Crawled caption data
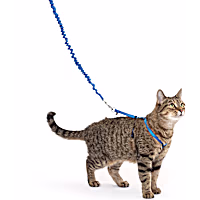PetSafe Gentle Leader Come with Me Kitty Harness & Bungee Leash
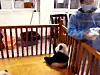 panda4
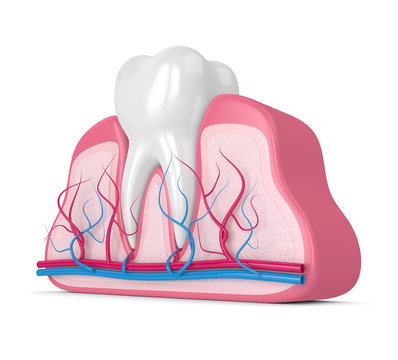 3d render of tooth with nerves and blood vessels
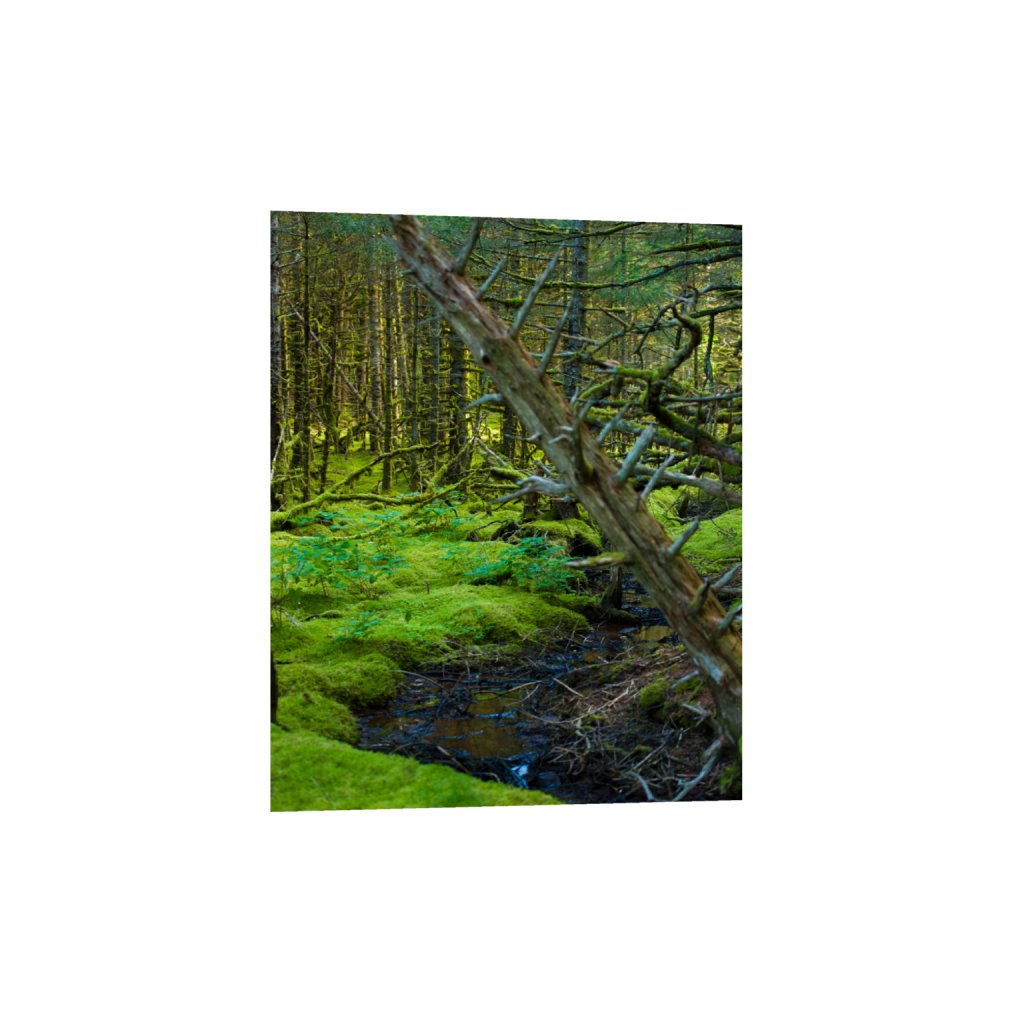 ptq_1_6_0_517_4088_5110_0_false_ffffff_0_0_.png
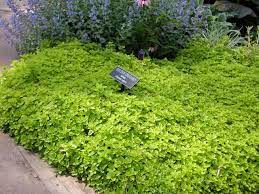 Here's how they can be used beneficially in the of all the creeping herbs, oregano is probably the easiest to keep in check. Cover Your Ground With Plants Part 2 East Texas Gardening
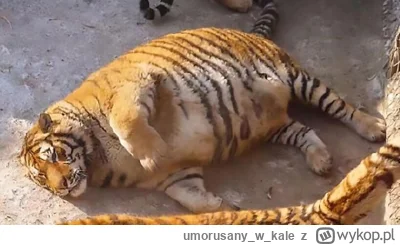 umorusanywkale - #mecz tygrys za dużo granulatu zjadł przed meczem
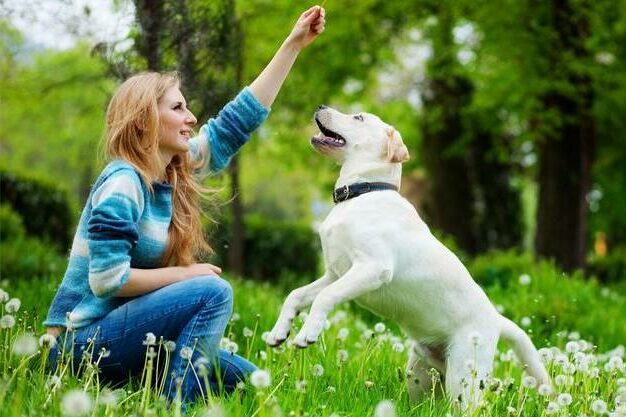 jouet de qualité naturelle pour chien choisir des produits naturels boutique canine os et patoune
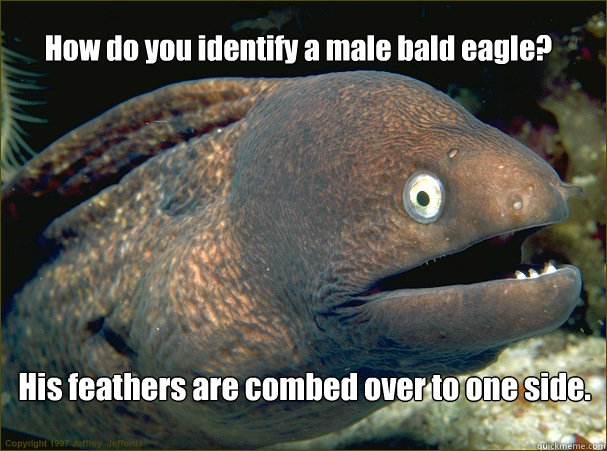 How do you identify a male bald eagle? His feathers are combed over to one side.  Bad Joke Eel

■ **What you should do**: Repeat the exact lines from the first line of the data through the line containing "ptq_1_6_0_517_4088_5110_0_false_ffffff_0_0_.png". Nothing else, no pictures.

■ **Answer to this task**:
PetSafe Gentle Leader Come with Me Kitty Harness & Bungee Leash
 panda4
 3d render of tooth with nerves and blood vessels
 ptq_1_6_0_517_4088_5110_0_false_ffffff_0_0_.png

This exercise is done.